A federal court in western Louisiana last week ruled in favor of Anadarko Petroleum Corp. in its dispute with the Interior Department over royalties on oil and natural gas production in the deepwater Gulf of Mexico in 2003 and 2004, a decision that was a blow to the federal government but may be a boon to other producers that are challenging the government’s efforts to collect more royalties.

Anadarko subsidiary Kerr-McGee Oil and Gas challenged a January 2006 Interior order, which directed the producer to pay royalties on natural gas it produced in 2003, and on both oil and gas produced in 2004, for eight leases that the company operated under the Deepwater Royalty Relief Act of 1995 (DWRRA). Under the royalty-relief law, Congress suspended royalty payments for specific volumes of production in certain water depths.

Interior argued that the royalty relief available to the eight Kerr-McGee leases ended when the market price for oil and gas exceeded the thresholds in the terms of the leases. Kerr-McGee, however, countered that its leases were not subject to price thresholds because they had not reached the minimum volume of royalty-free production afforded by the DWRRA.

“The crux of this case is whether Section 304 [of the DWRRA], which requires mandatory royalty relief for specified volumes, also stripped the Interior of its discretion to set price thresholds that would apply before a mandatory relief lease produced the minimum volume of royalty-free production. Kerr-McGee contends that mandatory relief leases are not subject to price thresholds below the minimum volume of royalty-free production, whereas the department argues it retained the discretion to set price thresholds,” said the U.S. District Judge Patricia Minaldi for the Western District of Louisiana in Lake Charles, LA.

“The price threshold requirement found in Kerr-McGee’s mandatory royalty-relief leases is…unlawful under the plain text of the DWRRA because DWRRA’s Section 304, applying to new leases, clearly requires minimum royalty relief. The Interior has no discretion to enact a price threshold requirement that applies to volumes below the minimum volume of royalty-free production,” the court concluded.

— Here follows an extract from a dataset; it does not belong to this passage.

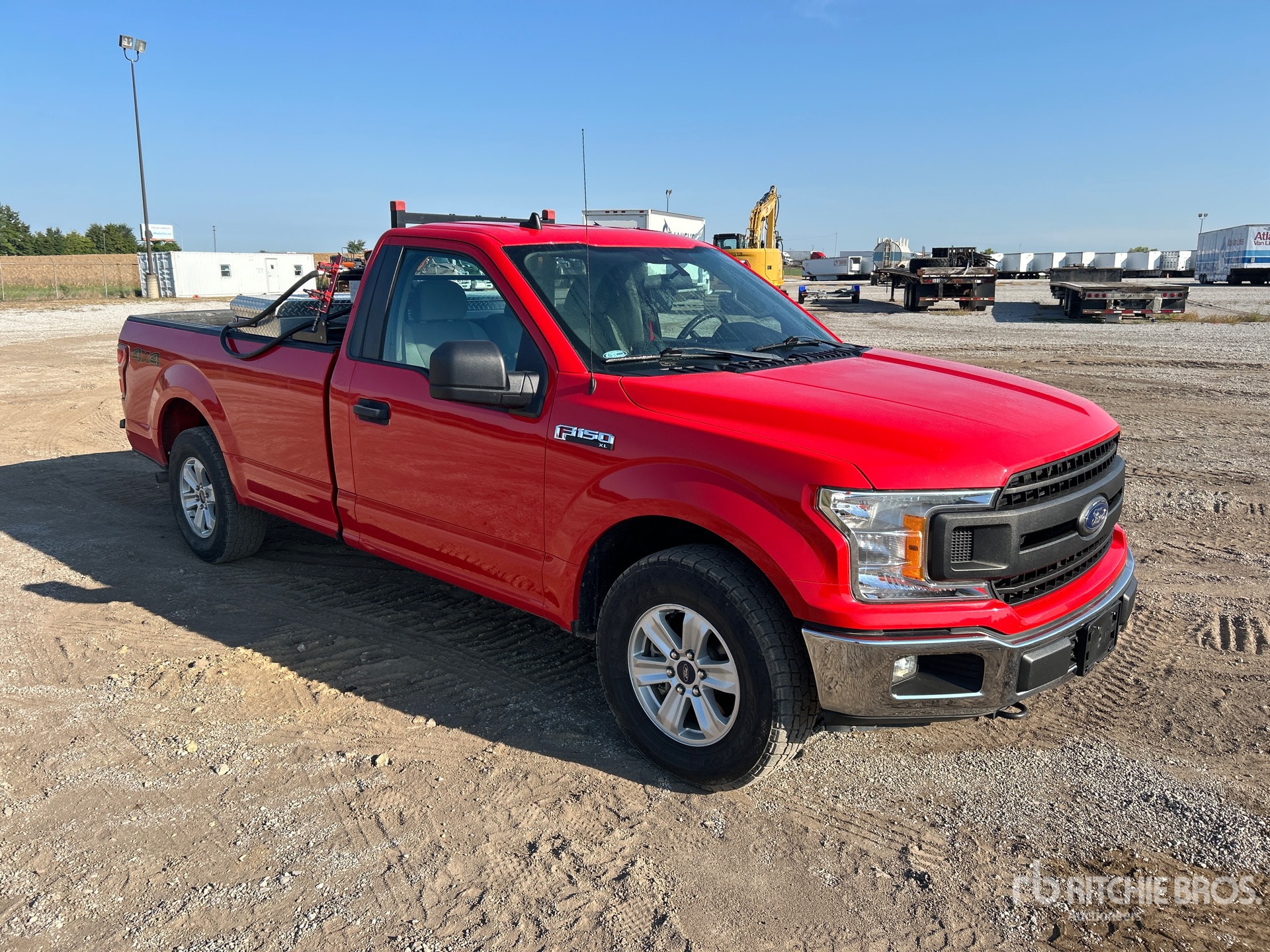 General Appearance with Picture, Right Front Corner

“Because the Interior imposed price threshold requirements on Kerr-McGee’s eight deepwater leases that would require Kerr-McGee to pay millions of dollars in royalties before it had even produced the minimum volume of royalty-free production, the Interior exceeded its congressional authority…Interior’s action is unlawful because it contradicts the plain, unambiguous text of the [DWRRA] statute.” Interior is said to be considering an appeal of the court’s decision.

Minaldi, in short, ruled that Congress’ action under the 1995 royalty-relief act trumped Interior’s discretion to impose price thresholds in Kerr-McGee’s oil and gas leases.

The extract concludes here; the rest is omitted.